Listed property trusts

Australian listed property trusts gained 23.9%* over the period, but this particular asset class suffered most during the credit crisis with investors losing over half of their money in the twelve months ending 28 February 2009, putting into perspective what a 24% return over 6 months really means. Property trusts have been helped by increasing property prices and greater occupancy rates, but availability to credit is still hard to come by meaning that refinancing debt for these trusts is a costly process and will continue to eat into the bottom line.

Globally, listed property trusts have fared even better with a return of 39.6%** over the six months.
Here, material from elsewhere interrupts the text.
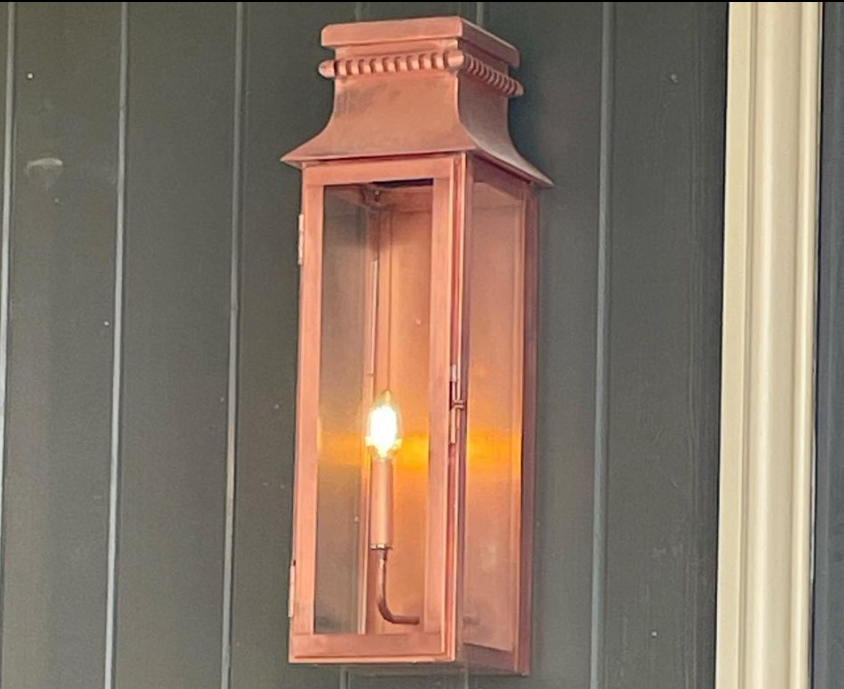 Outdoor Gas Electric Copper Lantern Kitchen Island Pendant Ceiling Light Fixture Chandelier Entryway Patio Light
Like Australian listed property trusts, this asset class suffered badly during the credit crisis and they are subject to the same problems with refinancing debt.

* as measured by the S&P/ASX 200 Prop Trust Accumulation Index.
** as measured by the UBS Global (ex Australia) Property Investors Net Index $A hedged.

Fixed Interest and Cash

Due to the rally in equity markets and the move towards more risky assets, fixed interest investments were less favoured by investors, reflected in their relatively modest returns.

Australian bonds returned 2.8%* for the six months, which was a far cry from the double digit returns received for the previous financial year. Meanwhile, global bonds returned 5.1%** for the same period.

Australian cash investments produced record low returns during this six month period. Cash returned 1.7%^ for the period as the cash rate had been reduced to emergency levels in order to stimulate the economy.

*as measured by the UBS Australia Composite Bond Index.
**as measured by the Barclays Capital based Aggregate Index - $A hedged.
^as measured by the UBS Australian Bank Bill.